The Cancer Belt (Texas Monthly)
People around Port Neches like to say that the odor from the chemical plants nearby is the smell of money. But it could also be the smell of death. (Dated 1981, but good background)

Excerpt:
What is significant about Carlos Stokes’s widow’s ideas about her husband’s death is that if they are true, then it is risky even to live in the prosperous area where the petrochemical plants are concentrated. In other words, she is saying that whole communities—not just certain chemicals or certain workplaces—can be hazardous to your health. Statistics seem to bear her theory out. The four counties that make up metropolitan Houston (Harris, Galveston, Brazoria, and Montgomery) and the two that make up the Golden Triangle (Jefferson and Orange) have some of the highest rates of cancer death in the state. Texas as a whole is well below the national average in cancer deaths, with 158.6 deaths per 100,000 population compared to 174 per 100,000 for the United States. But the rate in Harris County is 179 per 100,000; in Jefferson County, where Carlos Stokes lived, it is 187 per 100,000. The lung cancer death rate in Texas is 38.4 per 100,000; Harris County’s rate is 48.8 and Jefferson County’s 62.1, both higher than the national rate of 42 per 100,000. The upper Gulf Coast is Texas’ cancer belt.
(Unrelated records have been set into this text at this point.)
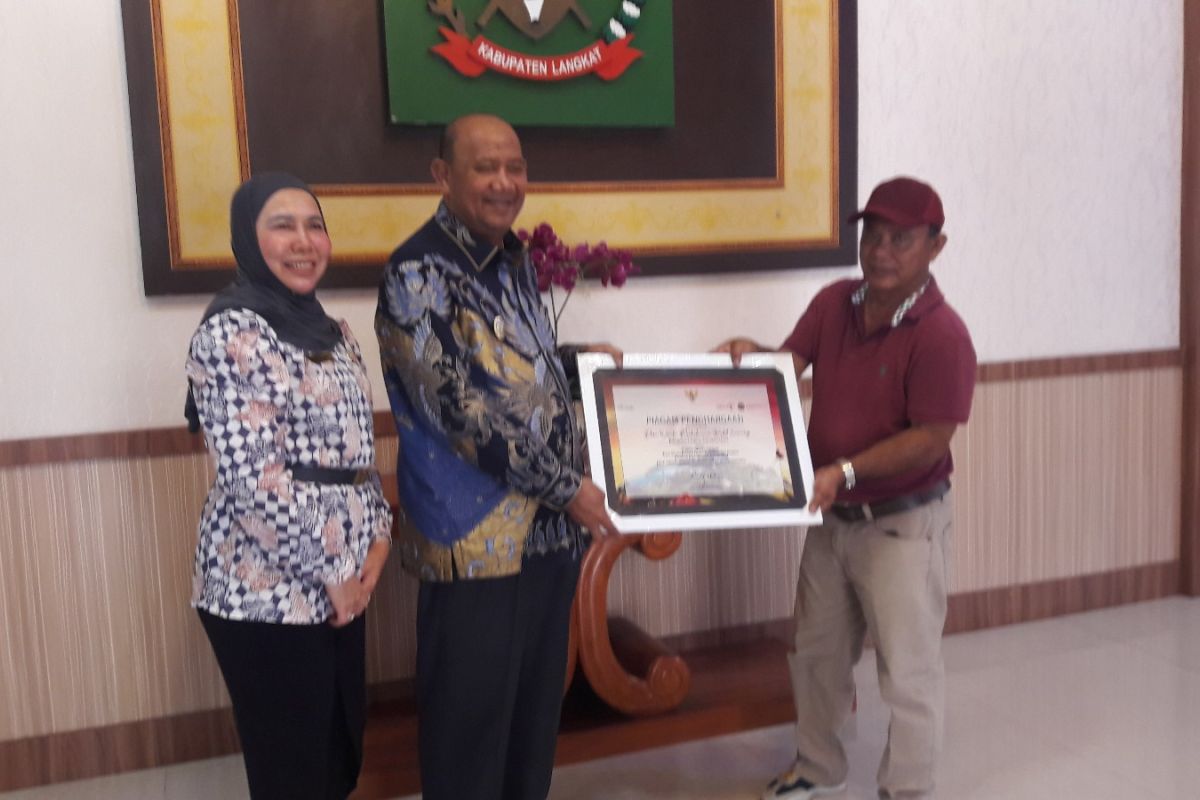 Syah Afandin terima penghargaan dari Kementerian Pariwisata Ekonomi Kreatif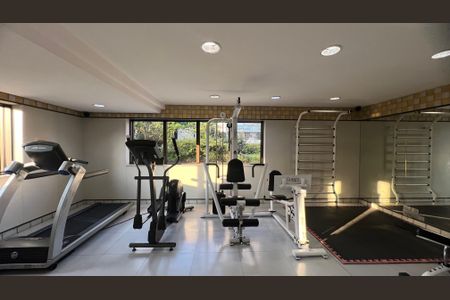 Apartamento à venda com 230m², 4 quartos e 4 vagas Apartamento à venda com 230m², 4 quartos e 4 vagasÁrea comum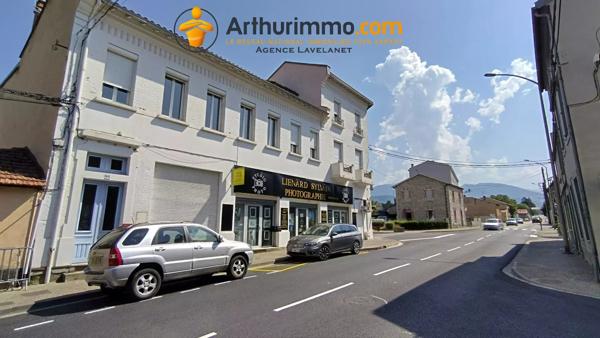 Vente                                                      Immeuble
                        
                     13 pièces                      300 m2                     à Lavelanet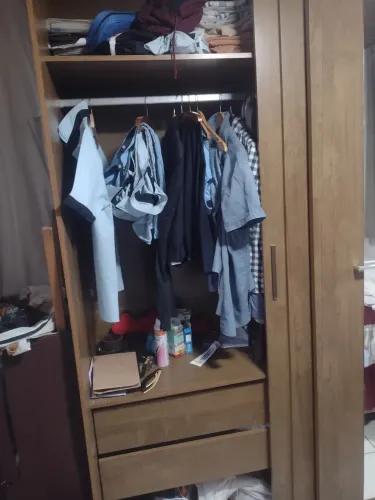 Guarda roupa mais mesa de jantar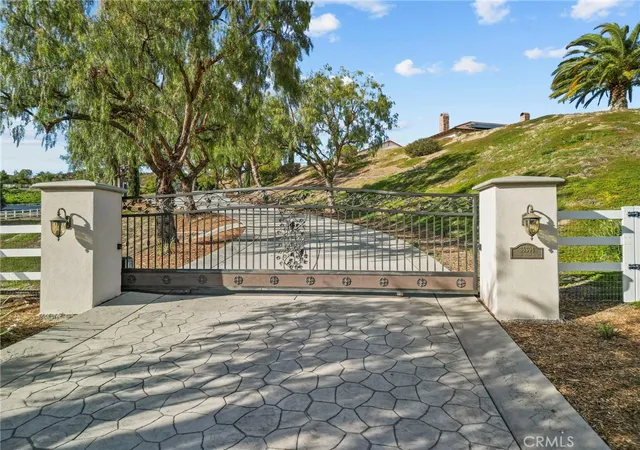 Photo 3 of Single family home for sale at 35394 Linda Rosea Rd, Temecula, CA 92592 | MLS# SW26065524 | Listing updated on 2026-10-01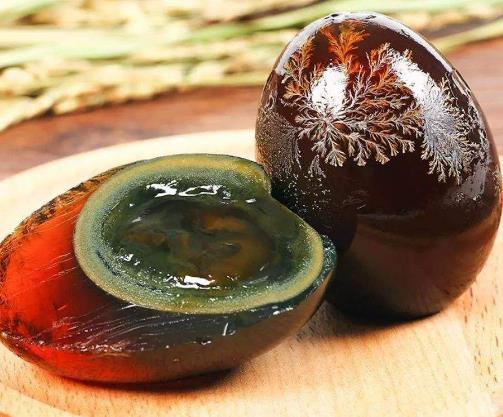 松花蛋蛋心泥狀能吃嗎？松花蛋煮多久能熟
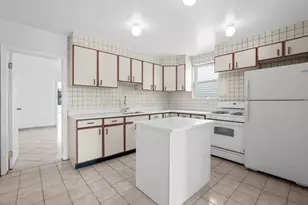 78-05 83rd St, Glendale, NY 11385 - Photo 20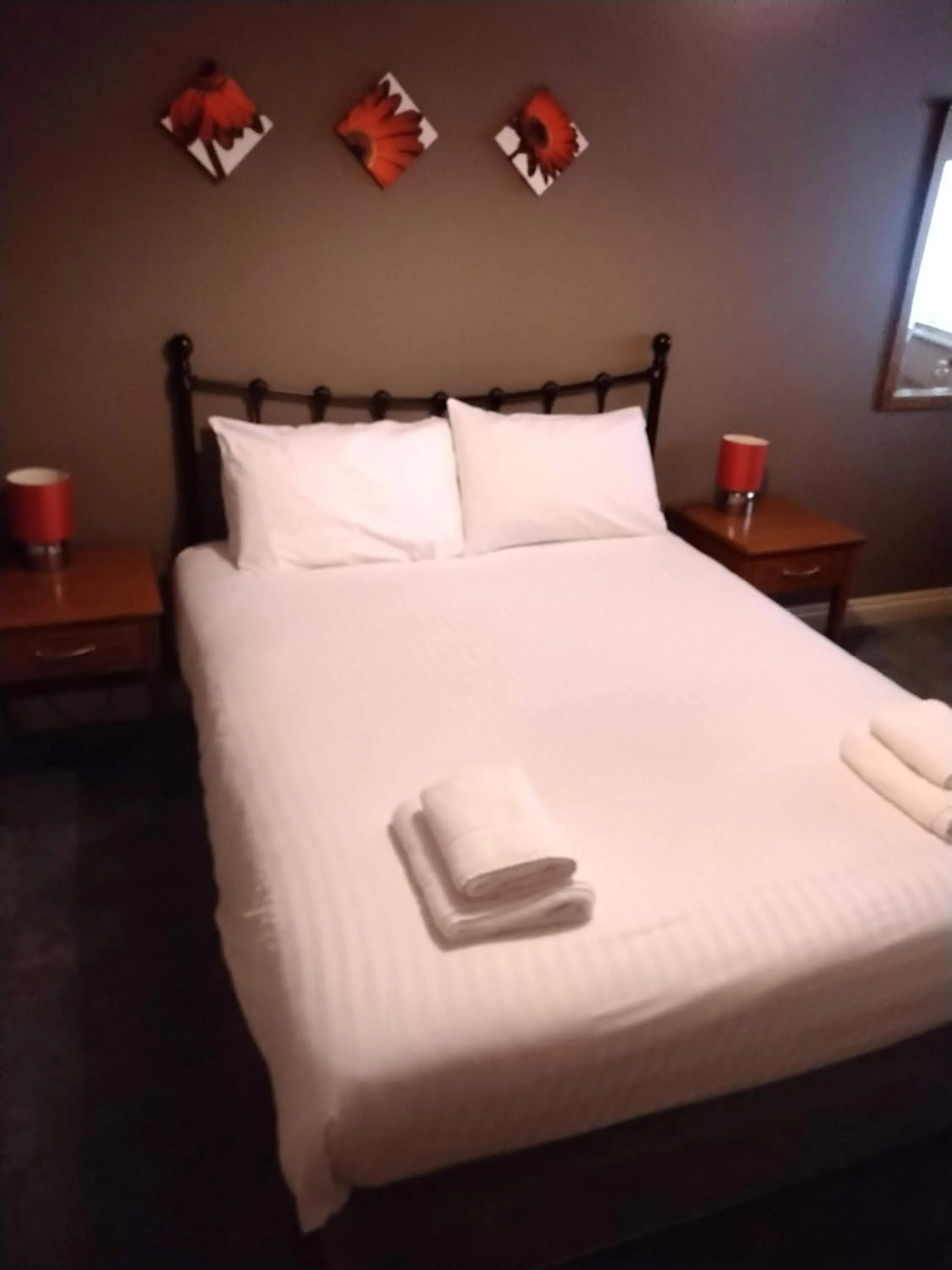 Bedroom in Victoria Cloisters Apartments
That raises some disturbing questions: Does the high concentration of petrochemical plants on the upper Texas Gulf Coast cause—or at least contribute to— the high rate of cancer there? Is then economic force that created twentieth- century Texas—the oil and petrochemical industry—coming back to haunt us? Does benefiting from the source of our prosperity require that segments of our population live at risk?

A study by the Stanford Research Institute found that six million people living in the general vicinity of petrochemical plants in Texas, California, Louisiana, Illinois, Pennsylvania, and New Jersey were exposed to atmospheric benzene in the 0.1 to 1 ppb range. The study also found that the 64,000 people who lived closest to the plants were exposed to atmospheric benzene concentrations as high as 2 ppb. These exposures are considerably below the current federal standard of 10 ppm for benzene. But government health and safety agencies have tried unsuccessfully to lower the standard to 1 ppm, and if those who challenge the concept of TLVs are right, any exposure to benzene should be avoided.

The current permitted level has been lowered to 1 ppm, though many scientists believe the level should be 0.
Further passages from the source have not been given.